Thu Oct 4, 3:20 PM ET

BANGKOK, Thailand - Locked inside her walled home and not seen in public for four years, democracy advocate Aung San Suu Kyi has been like a ghost to the people of Myanmar. But she can cause a sensation just peeking out from behind her iron gate.

A blurry photograph of Suu Kyi behind stone-faced riot police during the recent protests against Myanmar's military junta was splashed on front pages around the world and gave a surge of hope to countrymen demanding an end to 45 years of rule by generals.

By praying with monks who marched despite the threat of bullets, by silently acknowledging demonstrators shouting her name, by blessing with her steely gaze the biggest anti-junta protests in two decades, the tiny woman nicknamed "the Lady" has become more of a democratic icon than ever.

Suu Kyi has been compared to Nelson Mandela, Mohandas K. Gandhi and Martin Luther King Jr. Supporters mark her birthday with candlelight vigils, U2 penned the song "Walk On" in her honor, and everyone from first lady Laura Bush to comedian Jim Carrey has championed her cause.

"Aung San Suu Kyi is not only the inspiration for the Burmese to bear their ongoing suffering ... She alone continues to command the moral and political legitimacy of the nation," said Monique Skidmore, a Myanmar expert at Australian National University.

Still, being under house arrest for almost 12 of the past 18 years has taken a toll. The long years of isolation, the lack of contact with family, friends and colleagues, the crushing of the latest protests clearly are weighing on her.

In photos taken after her two meetings with U.N. special envoy Ibrahim Gambari this week, the 62-year-old Suu Kyi appeared exhausted and discouraged, unable even to fake a smile for being allowed the rare privilege of talking to an outside guest.

But even though she is locked away, the very mention of her name is said to throw the head of the junta, Senior Gen. Than Shwe, into fits of rage.

"She is not just the opposition ... She is a symbol," said David Steinberg, a Myanmar expert at Georgetown University in Washington. "She is the biggest threat."

Hundreds of riot police are now stationed around the clock outside her sparsely furnished, lakeside home in Yangon. The road in front is closed to traffic. Two navy boats patrol the lake.

Access to the compound is mostly limited to her two aides and her doctor, who makes monthly stops. Groceries are dropped off with security guards.

Suu Kyi has no phone or Internet access. Her two grown sons, Alexander and Kim, live abroad and are denied entry into the country. It is not known whether she has ever seen her young grandchildren, Kim's children Jasmine and Jamie.

Her husband, British academic Michael Aris, died from cancer in 1999 after being blocked from seeing her for three years. Suu Kyi could have left Myanmar to see her family, but she feared she would not be allowed to return.

Her days, according to U.N. staffers who have been allowed to meet with her, follow a simple routine. She rises early to meditate and spends much of her time reading books — mostly politics, philosophy and Buddhism — and listening to the BBC and Voice of America on the radio.

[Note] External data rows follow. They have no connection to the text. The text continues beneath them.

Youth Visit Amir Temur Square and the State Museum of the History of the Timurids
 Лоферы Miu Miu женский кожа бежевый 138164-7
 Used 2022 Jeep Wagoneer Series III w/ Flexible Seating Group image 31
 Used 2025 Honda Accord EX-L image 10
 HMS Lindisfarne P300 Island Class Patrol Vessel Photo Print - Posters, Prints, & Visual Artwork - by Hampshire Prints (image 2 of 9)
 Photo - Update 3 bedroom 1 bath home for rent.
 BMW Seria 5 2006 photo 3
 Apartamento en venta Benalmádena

She likes music, occasionally playing classical music on her piano and listening to everything from the Grateful Dead to Bob Marley.

Her two-story house, once a grand mansion where her mother lived, has fallen into disrepair. She largely lives hand-to-mouth, depending on book royalties to buy her meager rations. Money from her 1991 Nobel Peace Prize went into a foundation to educate Myanmar's children.

"She is completely devoted to the cause of democracy and human rights," said Paulo Sergio Pinheiro, a U.N. official who met with Suu Kyi seven times from 2000 to 2003. "I think she survives all the duress because she has a great spiritual quality ... She doesn't worry about herself."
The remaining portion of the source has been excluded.